The theme of absence, of waiting – of honouring a necessary space – is one which I visit often. Our current culture places little value on anything that doesn’t happen in an instant. It urges us to seek stimulation after stimulation, pushing us relentlessly forward through a barrage of superficial emotion, rarely encouraging us to stop and reflect. Even more rarely, recognising the need simply to ‘be’ rather than ‘do’.
Such a headlong rush, by-passing the depth of life, has its consequences. ‘Time goes so quickly now,’ I hear older people saying. ‘I don’t know where the time went,’ and so on. A tacit acknowledgement of non-engagement with the creativity of being alive. And often accompanied with a strange desire to focus on the next thing, the completed project or the unaccomplished dream. A wistful yearning for an imagined future.
Or, maybe more detrimental to well-being and a love of life, a sickly reminiscence of times now gone by, a sad longing for things happened and finished but not released, a desperate hanging on.
I wonder what it is we find so difficult about sitting in the midst of stillness or emptiness. That vital period of nothingness before something blooms. For how can anything new be created in a space already filled by something else?
The highlight of my last week has been my walk with the dogs along the estuary footpath. The place was littered with an abundance of fresh wildflowers. Bursting through a backdrop of scintillating greens, I saw hundreds of ‘Lords and Ladies’, proudly flaunting their virile and unusual structure above the ground-covering mosses and clovers.
There were Campions and Cow Parsley, Nettles and Nipplewort, Violets and Vetches. Every so often, I passed an explosion of Stitchwort, spilling exuberantly over the margins of its allocated spot. But most astonishing of all was when we reached the edge of the woodland, set beyond the footpath fencing, roughly at head-height, so I was looking up into the rich lustre of ultra-marine, carpeting the land as far as the eye could see. Bluebells. Thousands and thousands of Bluebells.
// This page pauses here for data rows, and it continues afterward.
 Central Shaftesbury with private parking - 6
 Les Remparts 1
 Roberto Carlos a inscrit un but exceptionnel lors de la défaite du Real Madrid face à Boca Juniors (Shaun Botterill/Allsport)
We had been along this footpath only ten days or so before. Then, I’d wrapped myself in winter leggings, fur-lined waterproofs and woolly hat, and glimpsed the snow-plastered hills through obliging gaps in the clouds. Passers-by had commented on the longevity of winter and bemoaned the late spring. What they failed to recognise was the importance of the delay.
The vibrant display of colour and abundance that greeted me this week was the out-pouring from a patient and necessary gestation. A slow and hidden maturing of secret – private – growth. Some things need to be done in the dark. They require a delicate ‘feeling of the way’, a sorting of the energies, before they are ready to show what they’re made of.
In the speed we ask of ourselves with popular lifestyles, we neglect this waiting process, this gentle trickling towards a new understanding of expression. We seem to think if nothing obvious is happening, nothing is happening, and forget to be mindful about what goes on beneath the surface. But this is the very core of creativity. It is impossible to produce a masterpiece instantly. It has to be crafted and lived with quietly, until its outlines become recognisable or its innards can be sensed.
Caroline Myss, theologian, academic and author, talks about the process of writing a book as one of being on a surprising journey. You set off where you think you’re going to go. You have the book you want to write in your head. Then, as you work, things become unclear. What you thought you were going to say evaporates, and the words you planned to use grow elusive. Until you find yourself in ‘the wilderness’.
From here, you have two options. You can give up in despair, or you can honour the gift of the space you have discovered. She has learned to sit and be patient, and in her own words – ‘I wait for the book I’m supposed to be writing to come to me.’